Synthesis of Pd co-doped nano-TiO2–SO42– and its synergetic effect on the solar photodegradation of Reactive Red 120 dye

Abstract

Pd co-doped TiO2–SO42– photocatalyst was synthesized by sol–gel, photodeposition methods and characterized by X-ray diffraction (XRD), field emission scanning electron microscopy (FE-SEM), transmission electron microscopy (TEM), X-ray photoelectron spectroscopy (XPS), diffuse reflectance spectroscopy (DRS), photoluminescence (PL) and BET surface area measurements. Elements present in the catalyst are shown by X-ray photoelectron spectroscopy. X-ray diffraction analysis reveals that the photocatalyst has an anatase structure. Sulfation by sulfuric acid reduces agglomeration, inhibits the phase transformation and enhances the stability of TiO2. The solar photocatalytic activity of the Pd–TiO2–SO42– is higher than that of the TiO2–P25, Pd–TiO2, bare TiO2 and TiO2–SO42– at pH 7 for the mineralization of Reactive Red 120. The modification of palladium shows higher adsorption with synergistic effect and also enhances the separation of photogenerated electron–hole pairs, leading to higher photodegradation efficiency.
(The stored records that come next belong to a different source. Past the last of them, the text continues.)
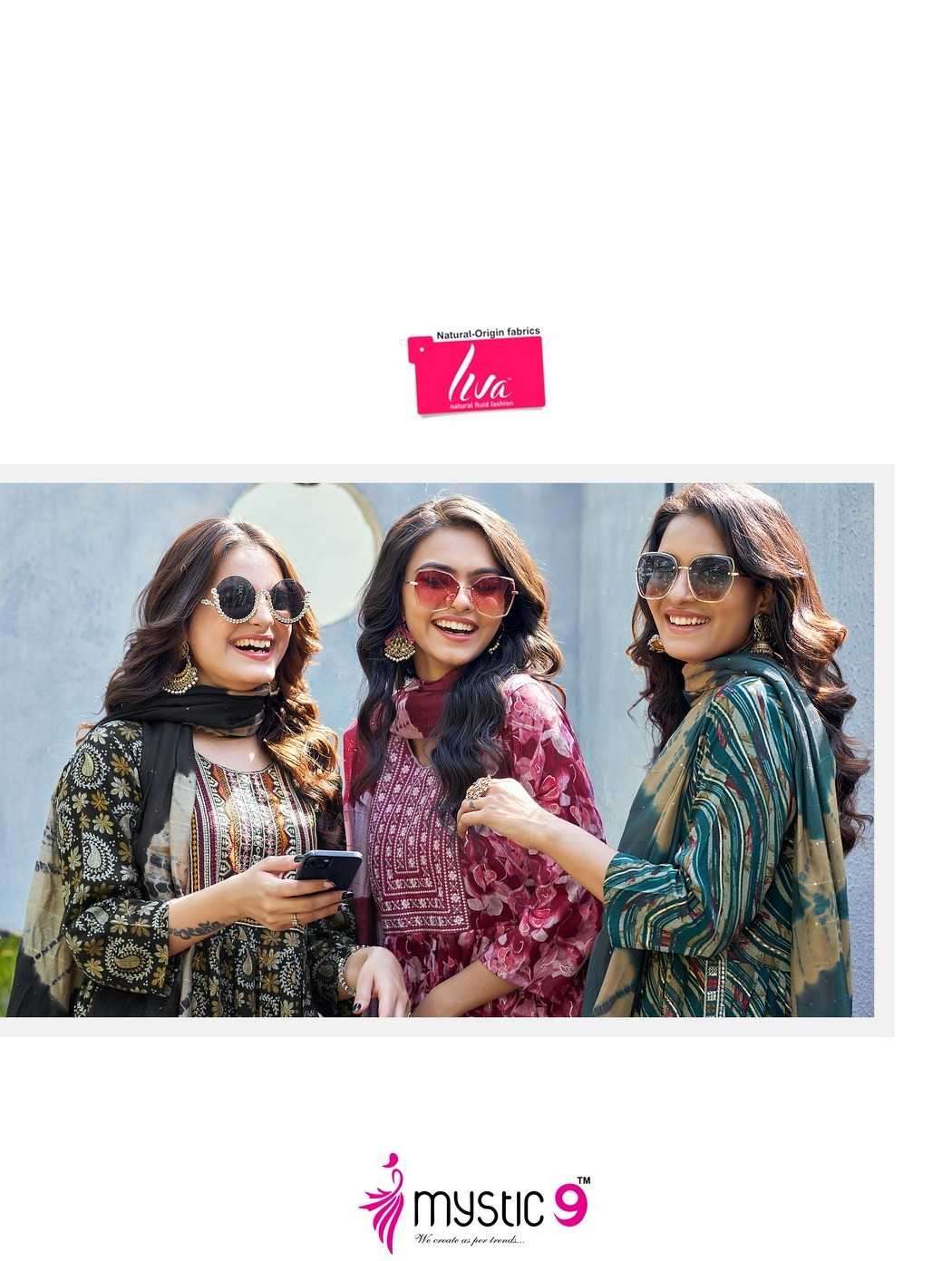 mystic9 sara vol 5 series 5001-5008 rayon readymade suit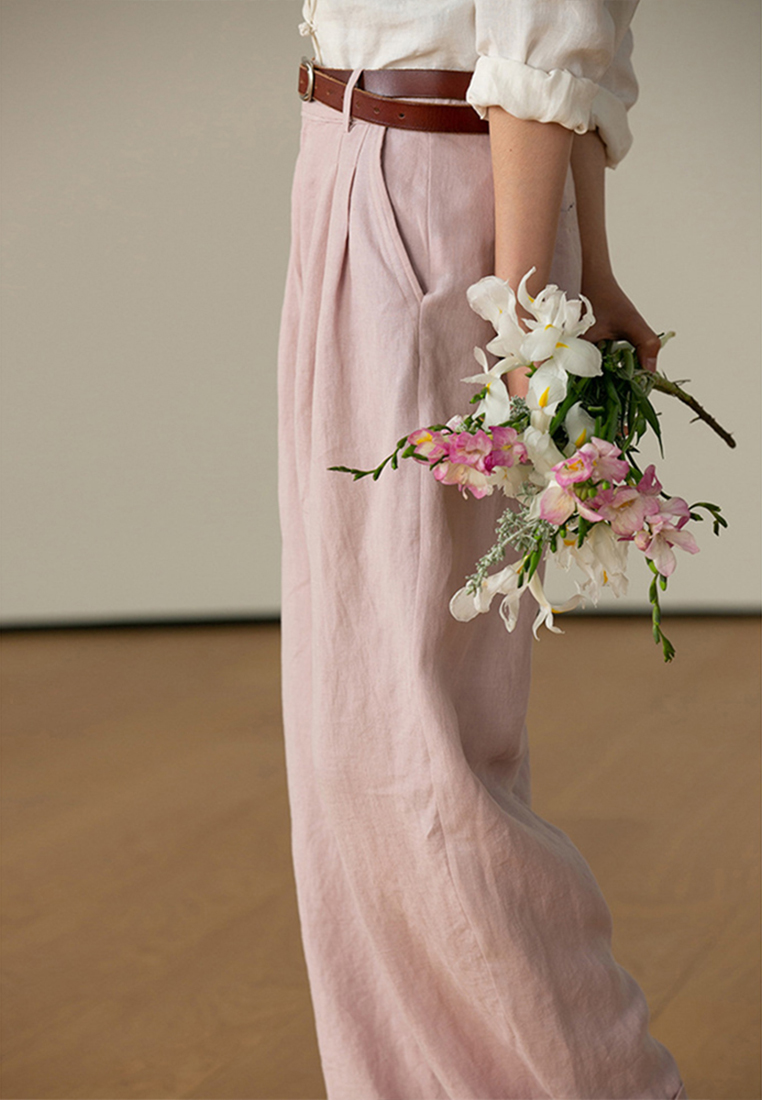 2023 Korean style simple high waist thin solid color straight leg rolled casual pants CA23050401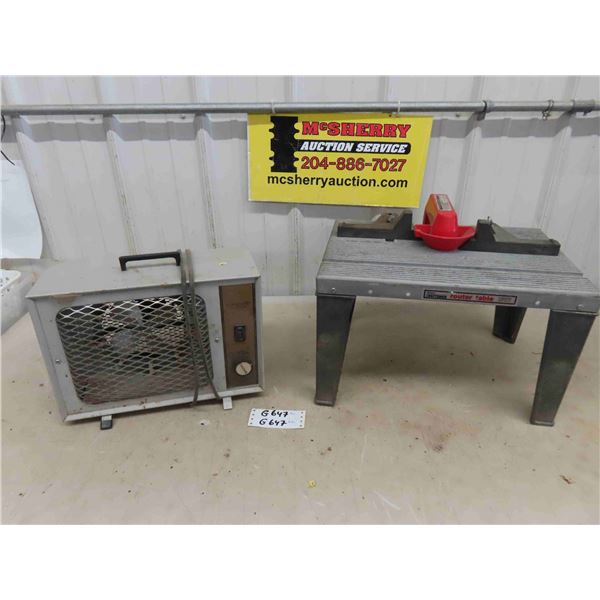 Craftsman Router Table and Portable Fan Heater 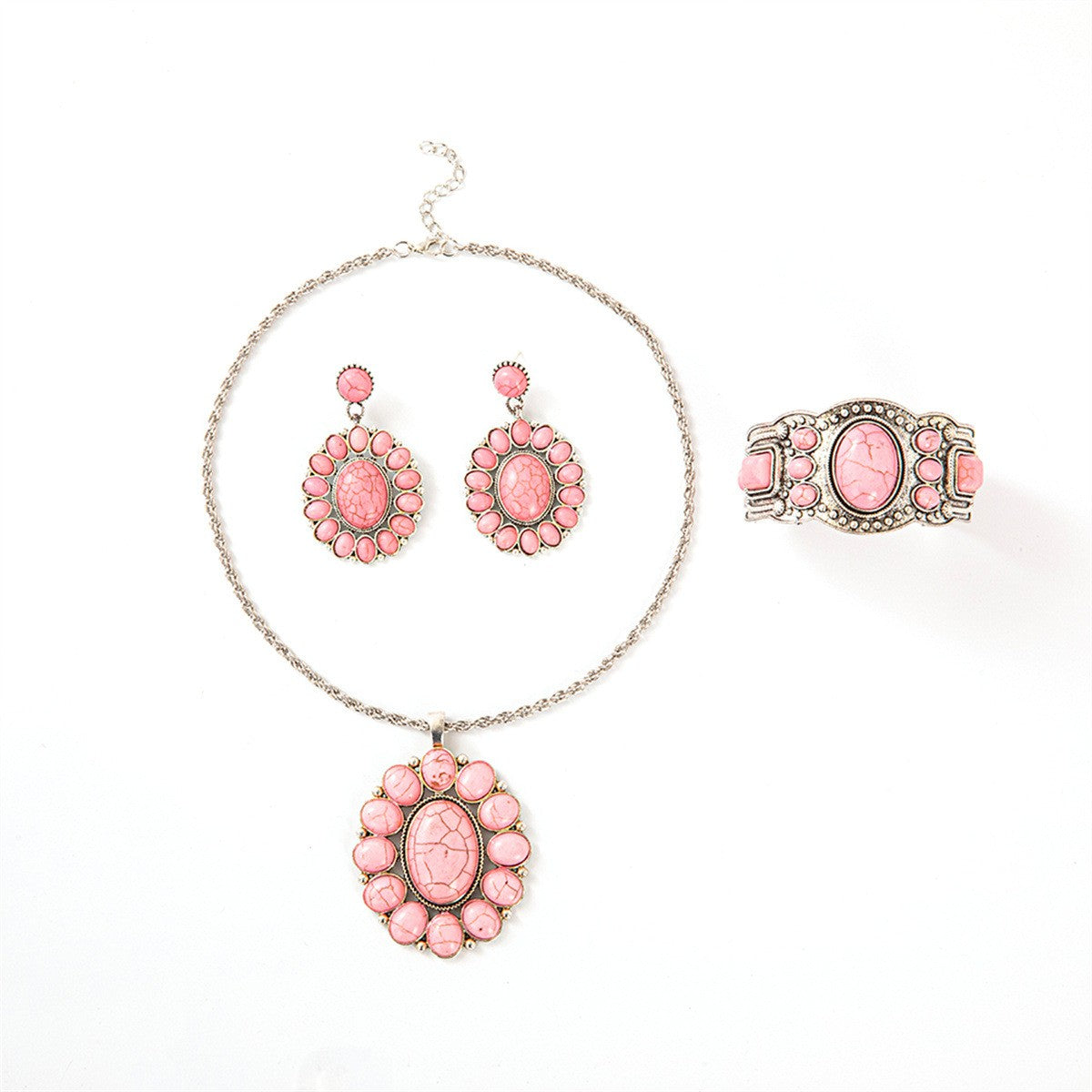 Vintage Pink Stone Necklace, Bracelet & Earring Set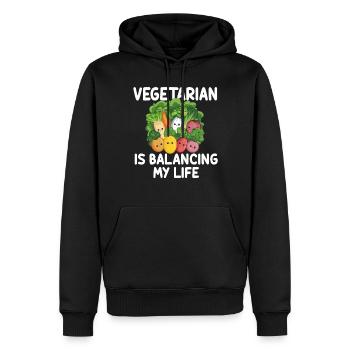 Vegetarian Balancing My Life - Men’s Premium Organic Hoodie - black - Front - Nico (187cm)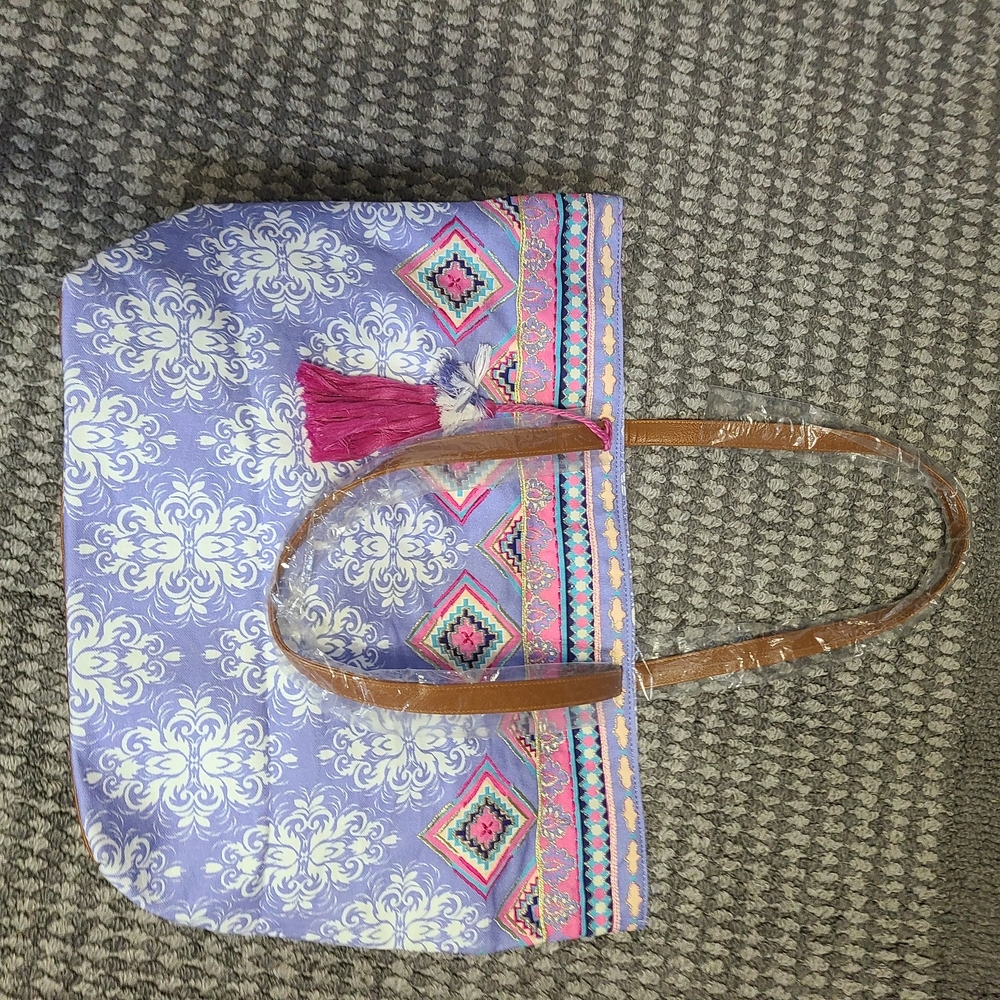 Coldwater Creek‎ Blue and Pink Geometric Tote - Picture 9 of 10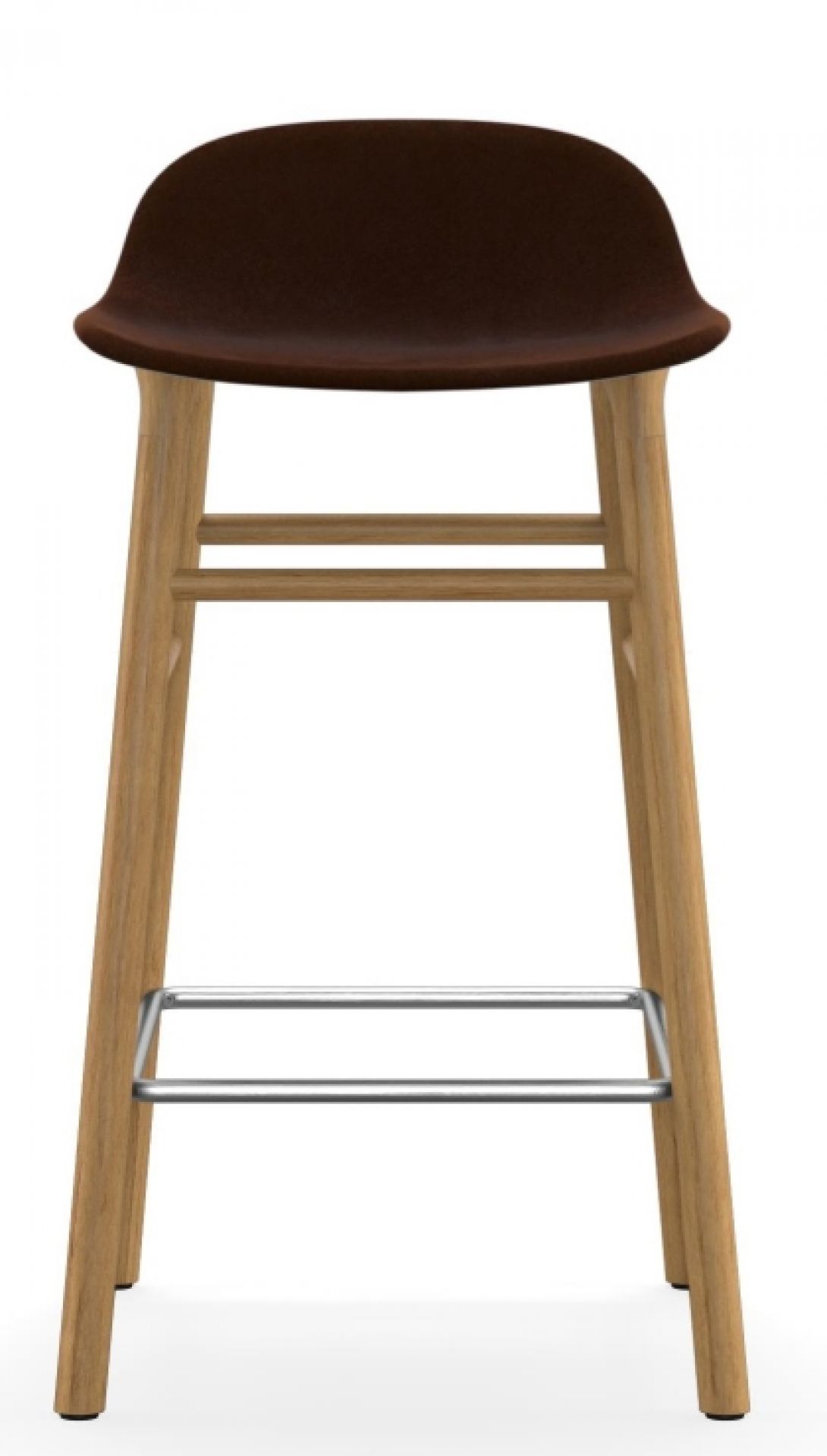 Normann Copenhagen Form Barhocker mit braunem, gepolstertem Sitz und hellem Holzgestell, inklusive Fußstütze.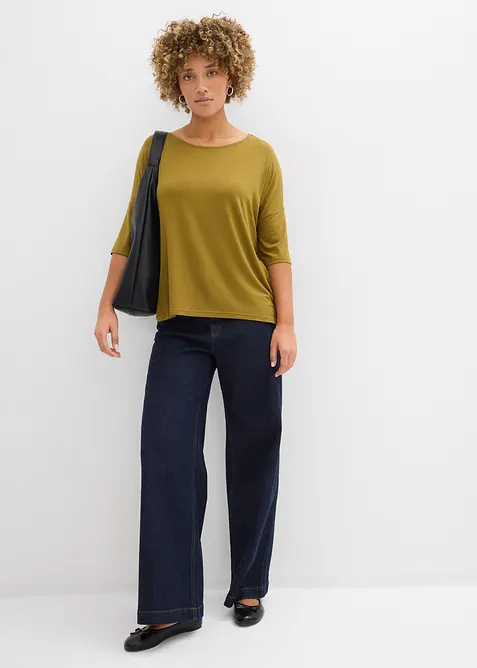 T-shirt boxy en viscose extensible, bonprix
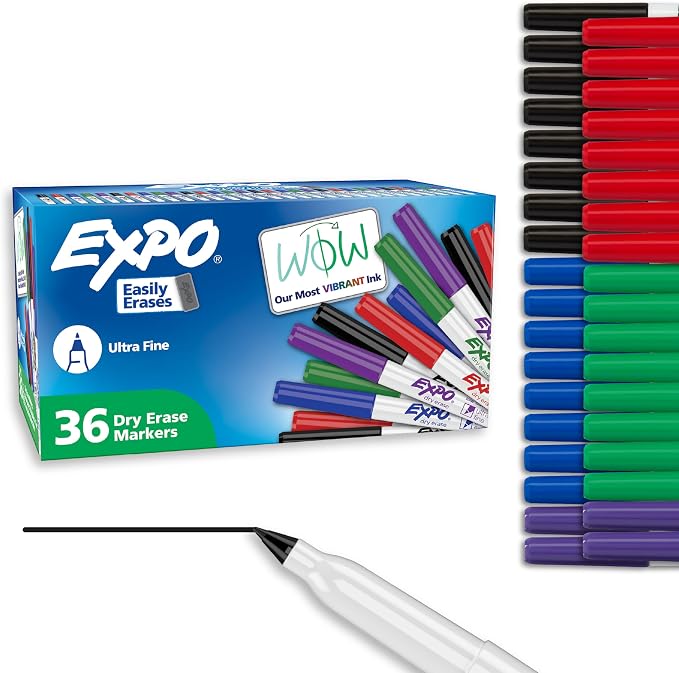 EXPO Dry Erase Markers, Low Odor Ink, Ultra Fine Tip, by EXPO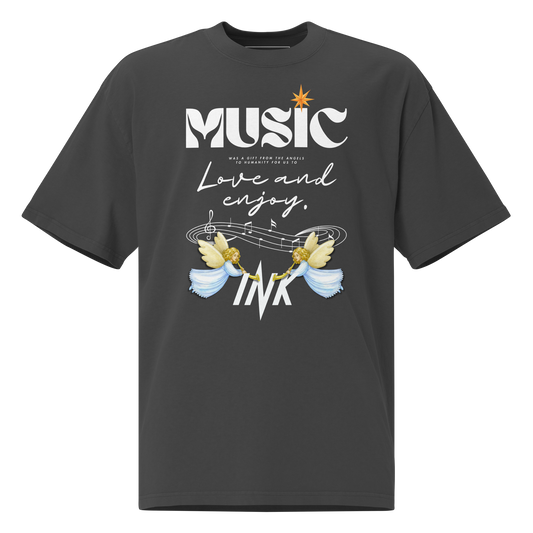 Oversized Retro Faded Tee with "Music" motif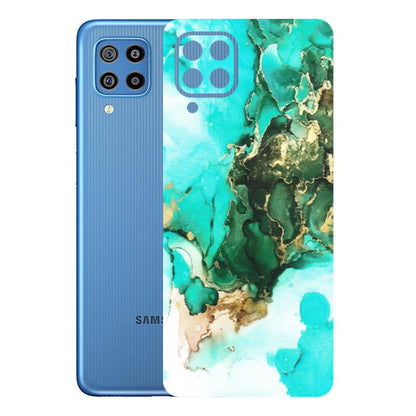 Samsung M/F/Note/Flip and C Phone Skins (All Models) - The Blue Gold Marble - Matte Finish (M-124) Samsung Galaxy F22
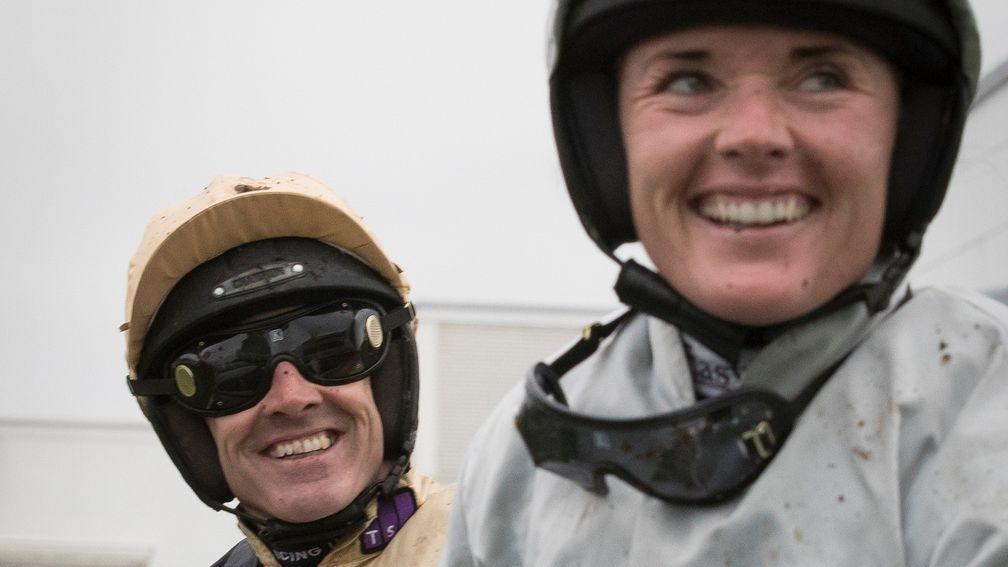 all smiles: Ruby Walsh looks over to sister Katie, who finished sixth to him in the Stayers' Hurdle on Clondaw Warrior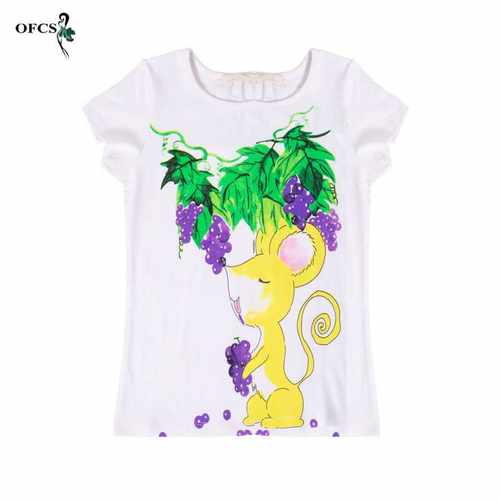 New Girls Crtoon T-shirts Children Summer T-shirt Cotton - 图2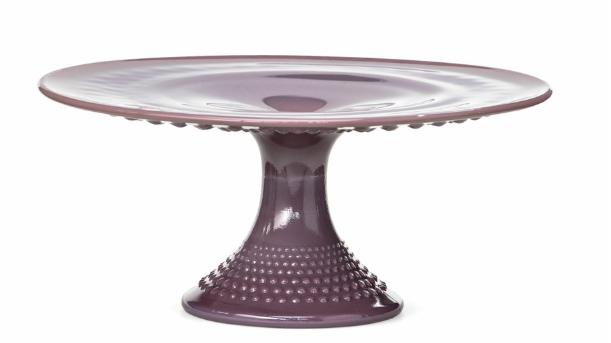 Mosser Glass Vintage Style Gigi Hobnail Cake Stand in Eggplant at Jhardy Mosser Store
The effects of operational parameters such as the amount of photocatalyst, initial pH on photo mineralization have been analyzed. A dual mechanism of degradation by Pd–TiO2–SO42– is proposed to explain its higher activity in solar light. The mineralization of Reactive Red 120 has also been confirmed by CV and COD measurements. The catalyst is found to be stable and reusable. Based on the degradation intermediates identified by GC–MS analysis, a reaction pathway is proposed.